Closed KonradHoeffner closed 5 years ago
property | count |
---|---|
http://www.snik.eu/ontology/he/page | 2131 |
http://www.snik.eu/ontology/bb/page | 1146 |
http://www.snik.eu/ontology/it4it/page | 18 |
http://www.snik.eu/ontology/ob/page | 774 |
select ?p as ?relation ?c as ?class count(distinct * ) as ?count
{
?x ?p ?y.
?x a ?c.
filter(REGEX(STR(?p),"page"))
} group by ?p ?c
In the old bb.rdf from the repository (last update: 2017-08-01), there are only 494 occurrences of page, see grep "page>[^<]" bb.rdf | wc -l
. This is because the SPARQL query also counts empty page statements, which should be removed. In the meantime, here is the count for nonempty pages:
select ?p as ?relation ?c as ?class count(distinct * ) as ?count
{
?x ?p ?y.
?x a ?c.
filter(?y!="").
filter(REGEX(STR(?p),"page"))
} group by ?p ?c
And for comparison the empty ones:
There don't seem to be any pages for triples, just for classes and relations. Maybe they are mistakenly placed in the relations? How many are there at maximum for a single subject?
select ?x count(?y)
{
?x bb:page ?y.
filter(?y!="").
} order by desc(count(?y))
Result: At most two per subject, which looks fine.
Next Step: Look at the old extraction table of bb to find out if there are page statements that are missing now.
They were there all along in the spreadsheet, all dumps in the repository and on the SPARQL endpoint. It just wasn't found because the property name is TripelPage.

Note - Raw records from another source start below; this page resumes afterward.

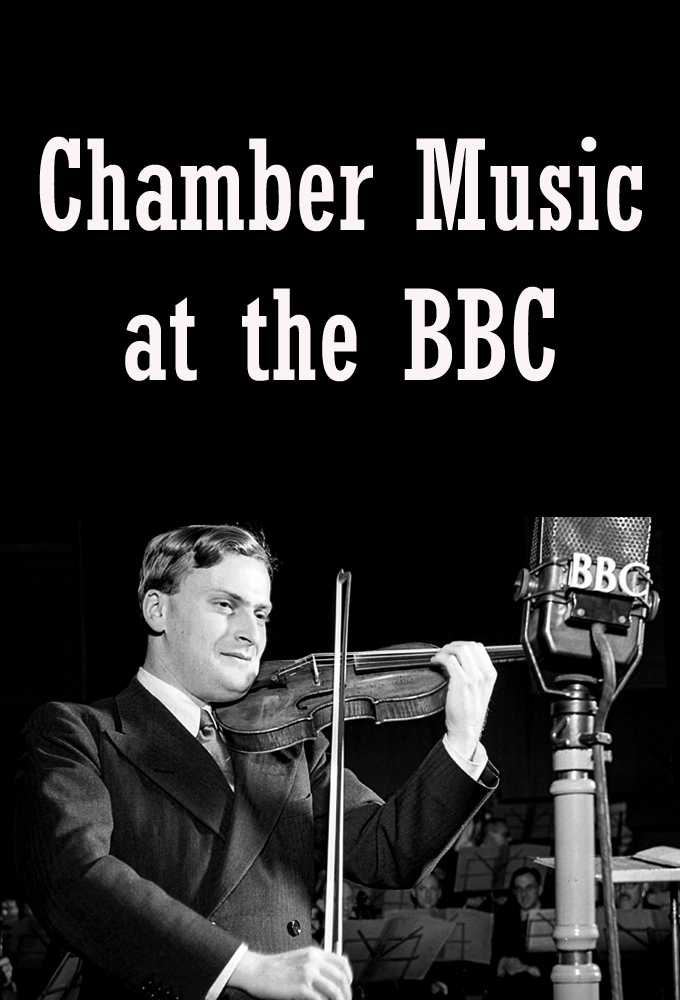 Chamber Music at the BBC Image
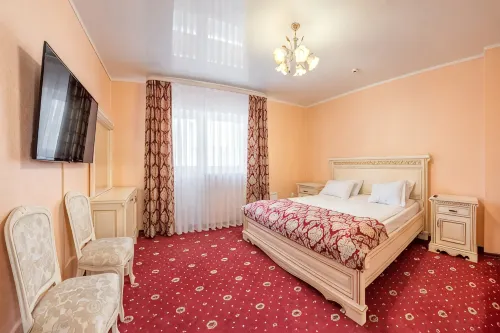 Red Hotel - ที่มีบาร์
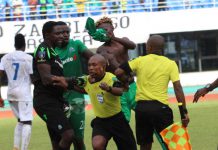CAF ghosts still haunting Gor Mahia after Confederation Cup exit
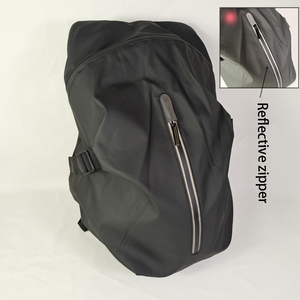MESOROCK, mochila impermeable de gran capacidad para casco de motocicleta, bolsa de almacenamiento, bolsas para motocicleta, mochila para casco - Product Image 5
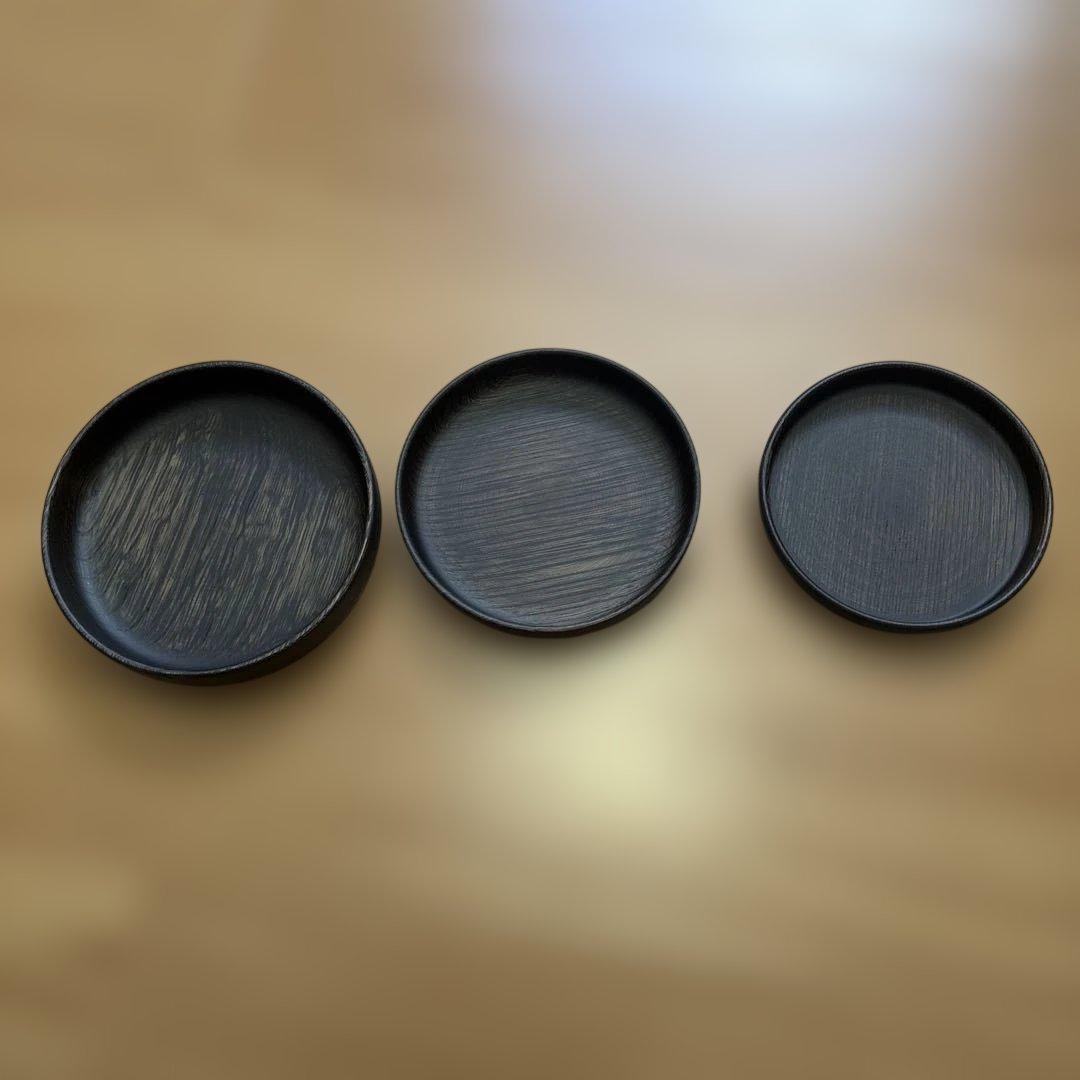 VIVAHDE 山のうつわ dish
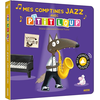 Image de Mes comptines jazz avec P'tit Loup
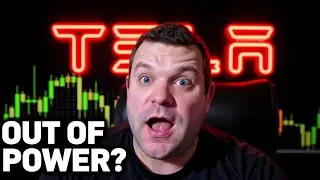 TSLA Earnings Volatility Setup & Chart Analysis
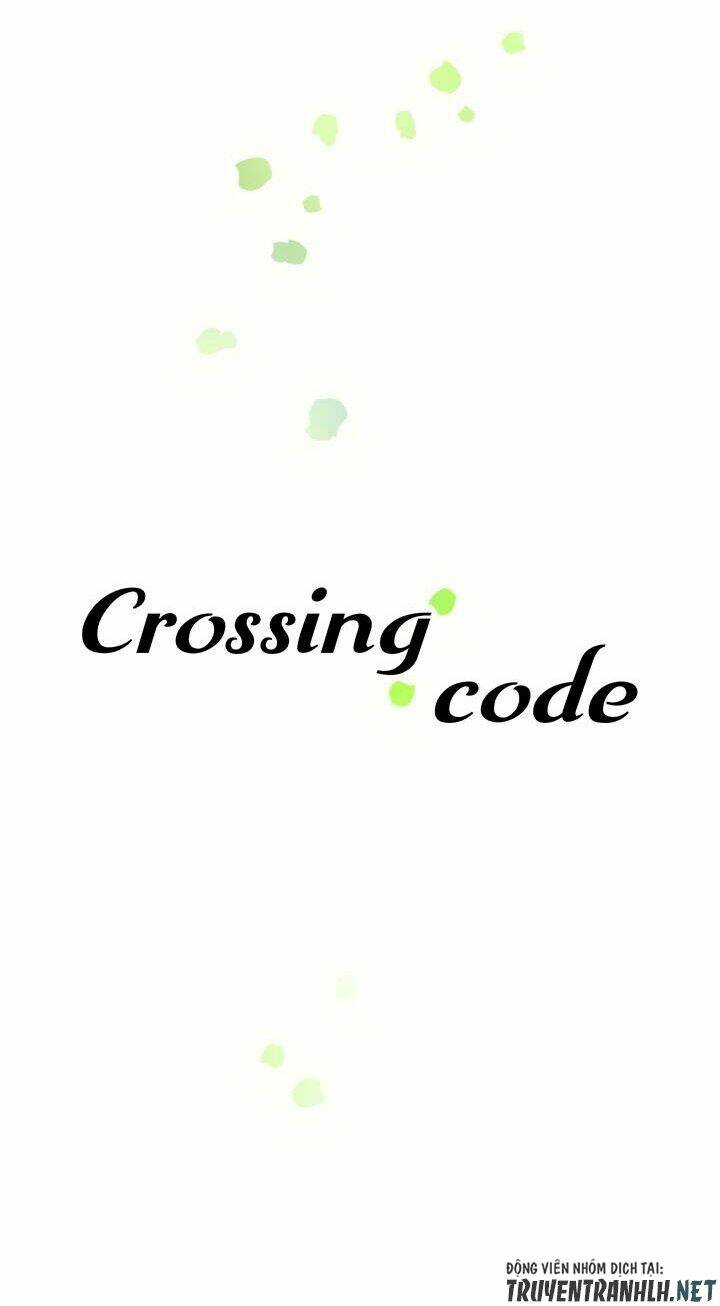 Mã Chéo - Chapter 3 - Page 9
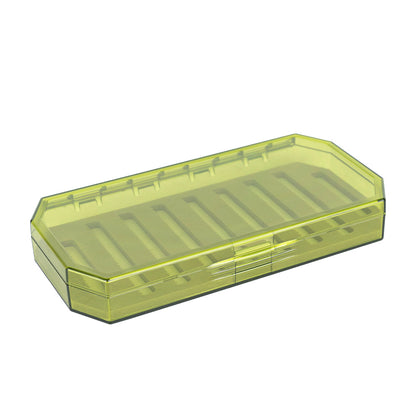 CAJA BLUE FOX FLY H057LD 194x105 VERDE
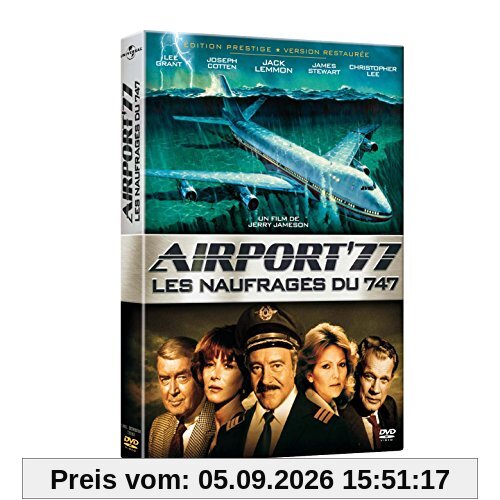 Airport 77' [FR Import]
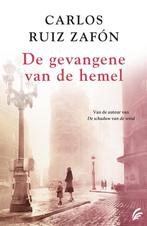 De gevangene van de hemel / Het kerkhof der vergeten boeken, Boeken, Romans, Verzenden, Gelezen, Carlos Ruiz Zafón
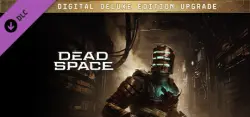 Dead Space Digital Deluxe Edition Upgrade — STEAM AUTODELIVERY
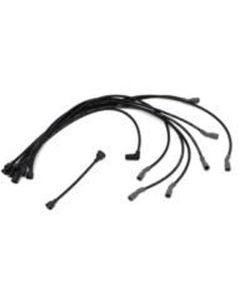 1968 Chevelle Plug Wire Set, Big Block V8, Dated First Quarter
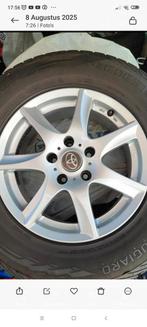 Toyota RAV4, Auto-onderdelen, Banden en Velgen, Ophalen, Gebruikt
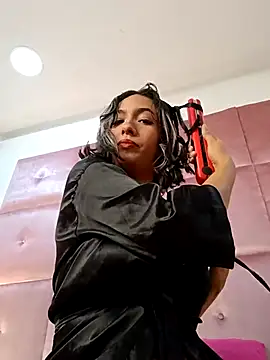 RouseWhitte online show from February 18, 2026, 1:40 pm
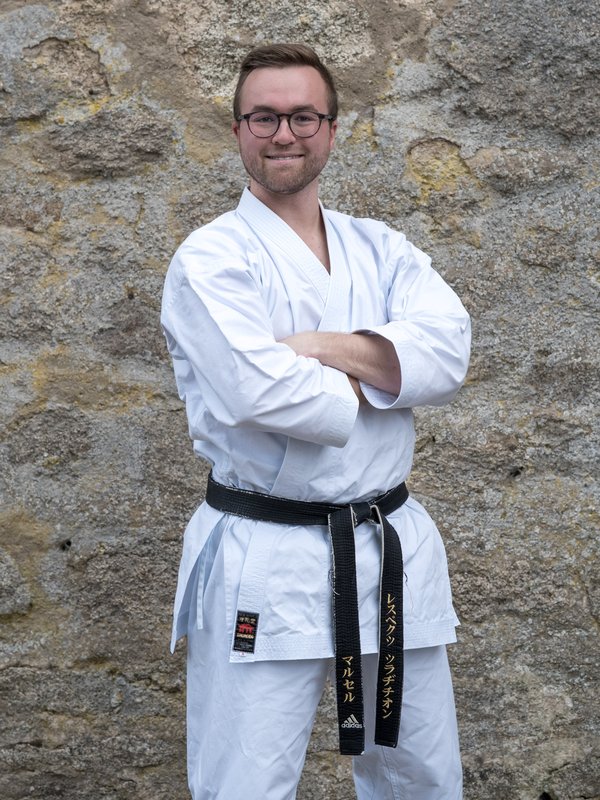 Marcel Bieber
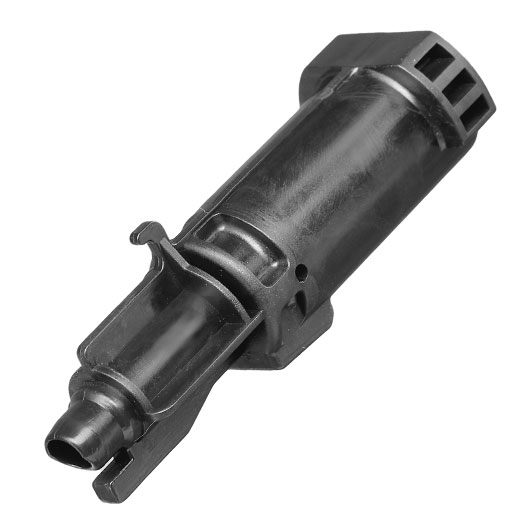 SRC MP40 / MP41 CO2 BlowBack Part #GBMP-A1 Loading Nozzle
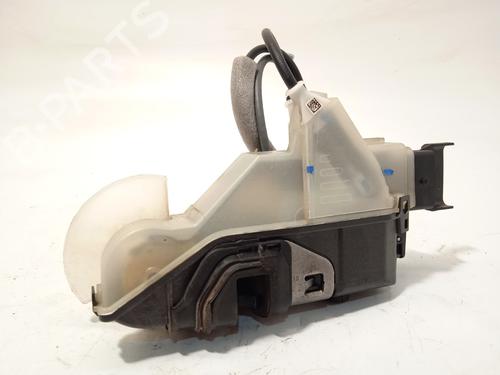 Front left lock CITROËN C3 / C3 ORIGIN III (SX) 1.2 VTi 82 | BP25847534C98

select ?p as ?relation ?c as ?class count(distinct * ) as ?count
{
?x ?p ?y.
?x a ?c.
filter(?y!="").
filter(REGEX(STR(?p),"page"),"i")
} group by ?p ?c
Are the axiom still bound to valid subjects and objects?
Get an overview via:
select *
from sniko:bb
from sniko:ob
{
?x bb:TripelPage|ob:TripelPage ?page.
?x ?p ?o.
}
...
Hard to see, rewrite blank nodes to so that they are in the namespace of their subontology and can be viewed via LodView.
sparql
select ?g count(*)
{
graph ?g
{
?x ?p ?o.
FILTER(REGEX(STR(?x),"nodeID://"))
}
} group by ?g
select ?g count(*)
{
graph ?g
{
?x ?p ?o.
FILTER(REGEX(STR(?o),"nodeID://"))
}
} group by ?g
SPARQL
with <http://www.snik.eu/ontology/bb>
delete
{
?x ?p ?o.
}
insert
{
?y ?p ?o.
}
where
{
?x ?p ?o.
FILTER(REGEX(STR(?x),"nodeID://"))
BIND(IRI(REPLACE(STR(?x),"nodeID://b","http://www.snik.eu/ontology/bb/blank")) as ?y).
}
Analogously ob
Modify <http://www.snik.eu/ontology/ob>, delete 24368 (or less) and insert 24368 (or less) triples -- done
Modify <http://www.snik.eu/ontology/ciox>, delete 200 (or less) and insert 200 (or less) triples -- done
SPARQL
with <http://www.snik.eu/ontology/bb>
delete
{
?x ?p ?o.
}
insert
{
?x ?p ?y.
}
where
{
?x ?p ?o.
FILTER(REGEX(STR(?o),"nodeID://"))
BIND(IRI(REPLACE(STR(?o),"nodeID://b","http://www.snik.eu/ontology/bb/blank")) as ?y).
}
Modify <http://www.snik.eu/ontology/bb>, delete 1139 (or less) and insert 1139 (or less) triples -- done
Modify <http://www.snik.eu/ontology/ob>, delete 2338 (or less) and insert 2338 (or less) triples -- done
select *
{
?x owl:annotatedSource|owl:annotatedTarget ?o.
MINUS {?o a ?something.}
}
Result: 16 missing, so it seems to work in general. Separate issue: #297
We only seem to have sparse page and chapter data. Investigate how many we have and in which form and if we lost any through the remodels.